Predicting future performance is a tough challenge. Benchmarking was historically much easier with more central recording in most sectors, but this has now been fragmented and farmers are relying more and more on their professional support network to help them understand how their farm is doing and what’s possible, using their own data pool and knowledge to help benchmark their performance.

The changes to IHT have certainly focused farmers’ minds on the future and what it might look like. The assumption that they would simply keep farming until they dropped is no longer a good mindset to have – if it ever was. But understanding the immediate prospects for their business is crucial to making informed and appropriate decisions.

Looking forward over the next five years is always difficult but some trends are emerging and what is clear is that the pace of change is increasing and standing still is not an option.

The IHT challenge has at least forced many farming families to have a discussion about succession. In many cases, this will create change in family control and a younger generation taking the helm. Inevitably, this will create some refocusing of businesses and a closer look at the bottom line and what it will mean to be successful in the future.

Of course, some families, where succession is not clear, may decide it is time to sell up and that will probably bring more land to market. Given that scale will be important, this will create opportunities for others to expand and grow their businesses, including perhaps many who are on the other end of those succession discussions.

Technology and data will continue to play an important part in farming, and particularly in refining and optimising performance. Data can now be collected and analysed relatively cheaply and focusing that data on improving performance will become the norm. Undoubtedly, using AI to help analyse data will also become a feature but it will require a new skillset and perhaps highlight and accelerate the need for new blood in the industry.

Dairy, pigs and poultry have all shown what can be done by managing data, both for better performance but also in animal welfare and in supporting the reduction in carbon in farm businesses. There are some good lessons from these sectors as to how data has been managed and used to benefit the bottom line.

Volatility in markets will continue to be a feature as it always has been in agriculture. Working with buyers becomes ever more important and it’s good to see longer term contracts appear that can support investment.

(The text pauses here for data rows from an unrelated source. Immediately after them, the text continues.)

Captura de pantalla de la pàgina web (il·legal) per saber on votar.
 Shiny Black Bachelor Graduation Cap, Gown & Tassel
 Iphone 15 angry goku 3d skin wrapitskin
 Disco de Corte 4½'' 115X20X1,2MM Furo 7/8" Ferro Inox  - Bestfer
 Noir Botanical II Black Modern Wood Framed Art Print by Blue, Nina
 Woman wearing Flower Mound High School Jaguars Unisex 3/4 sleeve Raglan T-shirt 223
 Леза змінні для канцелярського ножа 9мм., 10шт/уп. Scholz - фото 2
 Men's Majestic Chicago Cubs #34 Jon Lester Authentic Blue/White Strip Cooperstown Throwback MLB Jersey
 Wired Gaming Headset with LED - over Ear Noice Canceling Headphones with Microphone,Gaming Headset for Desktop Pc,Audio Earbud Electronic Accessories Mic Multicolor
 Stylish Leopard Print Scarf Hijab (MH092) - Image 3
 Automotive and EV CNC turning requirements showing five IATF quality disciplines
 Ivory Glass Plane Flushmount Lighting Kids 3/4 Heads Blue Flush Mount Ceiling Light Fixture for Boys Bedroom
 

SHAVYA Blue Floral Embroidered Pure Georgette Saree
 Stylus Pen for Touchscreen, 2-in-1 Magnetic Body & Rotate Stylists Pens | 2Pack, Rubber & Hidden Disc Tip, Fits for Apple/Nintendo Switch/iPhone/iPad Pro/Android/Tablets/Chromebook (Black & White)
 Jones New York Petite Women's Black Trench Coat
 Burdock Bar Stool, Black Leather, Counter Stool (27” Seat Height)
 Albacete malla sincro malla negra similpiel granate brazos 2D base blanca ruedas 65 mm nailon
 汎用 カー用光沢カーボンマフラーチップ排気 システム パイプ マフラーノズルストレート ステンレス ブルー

It’s more important than ever for farmers to build those buyer relationships and fully understand the market they are supplying.

Finally, climate change and the drive towards net zero will inevitably continue to be a focus for the farming sector. Government targets are there for reducing greenhouse gases across the farming industry and, unless those are reset at some point, the challenge will remain to demonstrate the industry is moving in the right direction.

Unfortunately, measuring carbon on farms has not got any easier and there is a lack of consistency in the audit tools available to measure farm emissions. That said, it is important all farmers understand their own position and undertake some form of audit so they can see what the journey might look like for their own business.

The good news is that carbon is generally a cost, so reducing carbon will improve the bottom line and getting on the journey, sooner rather than later, will be no bad thing for farmers and good for the wider industry.

The next five years is likely to be more of the same: farmers working hard to produce high quality food at incredible value for money whilst looking after the environment and supporting nature. To do that will require increasing sophistication and expert advice from a wide network of professionals who can support this industry’s exceptional resilience.

Of course, there will be challenges, but I remain firmly positive about the future of our farming sector.